ABOUT THIS TASK. Reproduce the listing below character for character; drop every image.

INPUT DATA.
--------------------------------
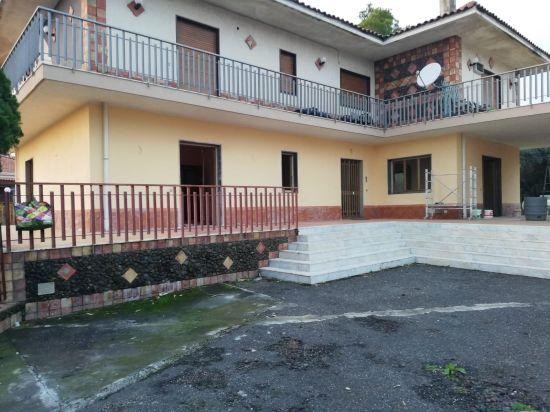 Appartamento in Vendita a Pedara, zona Via Teocrito, 149'000€, 150 m²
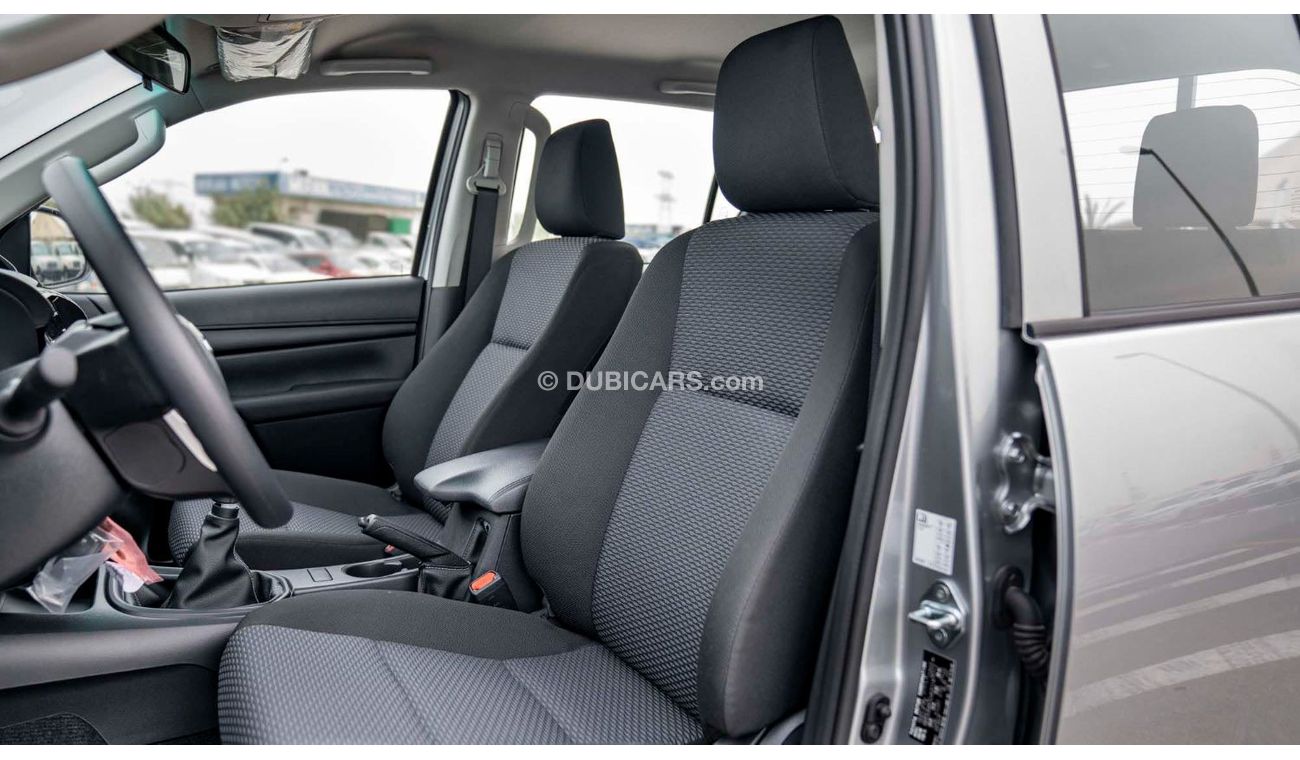 تويوتا هيلوكس Toyota Hilux 2.4L Diesel Mid Option p.window MY2024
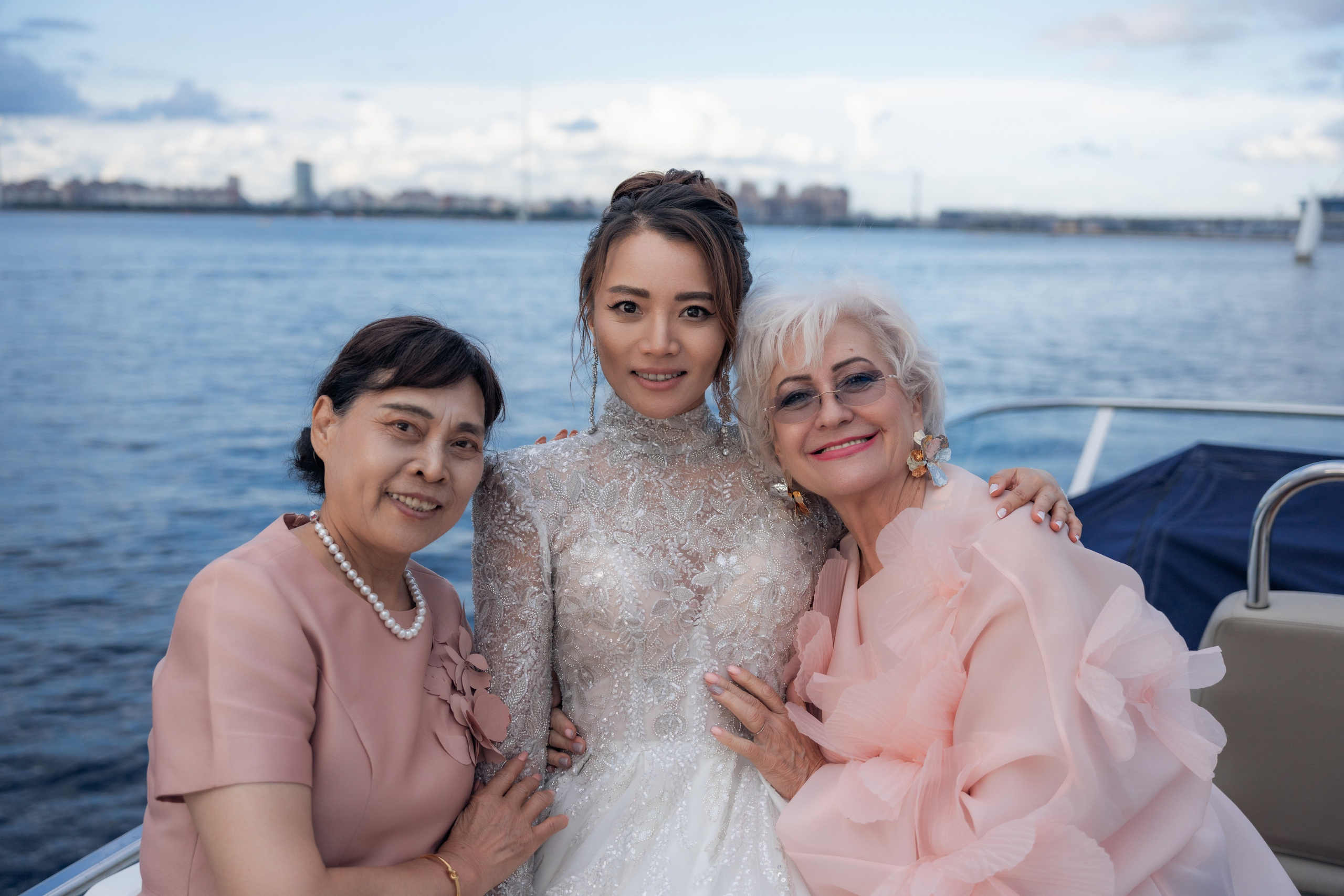 Свадебная фотосессия в Эрмитаже и на катере. Свадебный фотограф Александр Невский в Санкт-Петербурге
--------------------------------
EXERCISE RESPONSE.
 Appartamento in Vendita a Pedara, zona Via Teocrito, 149'000€, 150 m²
 تويوتا هيلوكس Toyota Hilux 2.4L Diesel Mid Option p.window MY2024
 Свадебная фотосессия в Эрмитаже и на катере. Свадебный фотограф Александр Невский в Санкт-Петербурге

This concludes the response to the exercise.